The truth may not be quite that bad yet, but there are problems that the country's labour market has to face, not all of which can be overcome with the magic wand of government spending and some of which can only be solved through long years of experience.
Unemployment is just under 20%. Bratislava has 7% unemployment, regions like Prešov nearly 30%. The obvious solution - move unemployed people from Prešov to Bratislava. The reality is unfortunately different.
Practices that have been the foundation for successful economies, such as temporary work contracts, are simply failing to catch on, a problem rooted in the lack of mobility in the labour force. High rent and transport costs leave the chances of successful moves from jobless regions to Bratislava low. The lack of deregulation in the housing market has fuelled this employment disaster.
The situation is unlikely to change soon in the housing market, as is the regional disparity of unemployment.
School and labour reforms promise to bring much to a workforce that is still both behind the West and its regional neighbours. While employees will have more rights, and corporate policies will move towards those in the European Union, university students can also look forward to standards and opportunities in education that are on a par with the West. Executive search firms say that the youth of Slovakia is among the most willing to learn, and lauded Slovaks' capacity for self-betterment.
This same youth is the most valuable human resource that the country has. But both the corporate sector and the government must tread carefully if they are not to lose the one thing that holds the key to the economic future of a nation - in Slovakia's case, one whose workforce in less than five years could come face to face with the reality of competing with more western workers for jobs.
The decade-long trickle of people across the border has given the country a foretaste of what is to come. The simple choice between not having enough money to pay the rent and leaving for foreign climes where the rewards for hard-earned skills are not just seen on a bank account balance has been enough to see 10,000 of the brightest and best jump ship and contribute to another country's economy.
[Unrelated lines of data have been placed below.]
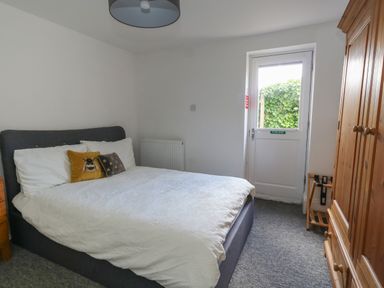 A bedroom with a double bed covered with white bedding two decorative pillows a wooden wardrobe a door leading outside and a gray carpet at Flat 1 - Sandbanks in Bournemouth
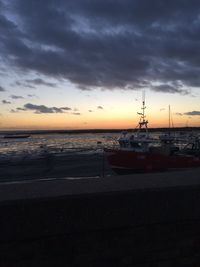 Scenic view of sea against cloudy sky during sunset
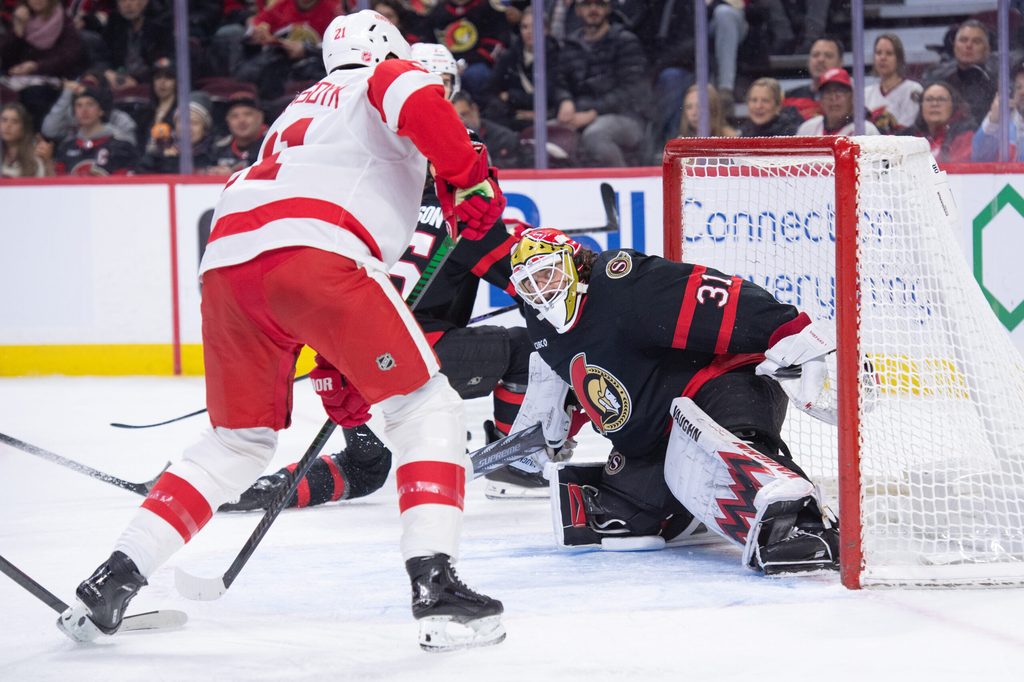 Jan 5, 2026; Ottawa, Ontario, CAN; Detroit Red Wings left wing James van Riemsdyk (21) shoots on Ottawa Senators goalie Hunter Shepard (31) in the second period at the Canadian Tire Centre. Mandatory Credit: Marc DesRosiers-IMAGN Images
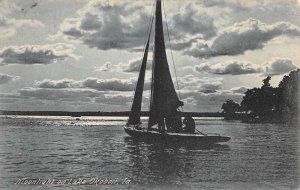 Okoboji Iowa Moonlight on Lake Sailing Vintage Postcard AA73262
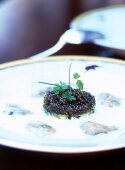 Close-up of oyster veloute with lemon and caviar on plate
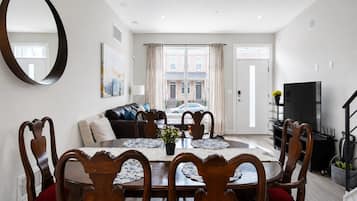 A dining area with a round table, chairs, and a large mirror on the wall.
Doctors, nurses, dentists, health-care workers, still find themselves barely managing to make ends meet. The government holds its hands up and says that the crumbling welfare system prohibits higher payments. But there is only so much dedication one can have to one's job when the monthly wage is only half the national average, and when parliamentary deputies haul in somewhere in the region of 30,000 crowns per month and parliament is often nearly empty at sessions.
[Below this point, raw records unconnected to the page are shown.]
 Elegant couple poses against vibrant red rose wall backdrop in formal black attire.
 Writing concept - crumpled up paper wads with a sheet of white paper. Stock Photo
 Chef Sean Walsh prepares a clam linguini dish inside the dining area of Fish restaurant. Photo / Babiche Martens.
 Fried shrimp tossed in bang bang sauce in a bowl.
Domestic companies have played a guilty role too. The relationship between employer and employee often does not reflect each employee's worth. Wages are still low for the very people who have the language and learning abilities that foreign firms are prepared to reward with higher salaries. The international companies that offer a job to a Slovak realise the importance of the investment they are making - that the person is Slovak now, but potentially international next year. Domestic firms remain reluctant, to accept that a skill is worth investing in, skimping on salaries rather than giving incentives to top employees to stay.
The rot will have to stop. Political changes may be behind an improvement in the 'brain drain', but economics are behind the fact that there is still a significant number of people leaving.
If the cream of the crop is to stay, a collective effort on the part of both government and business will be needed. The consequences for the economy are obvious: no future, no hope, no opportunity.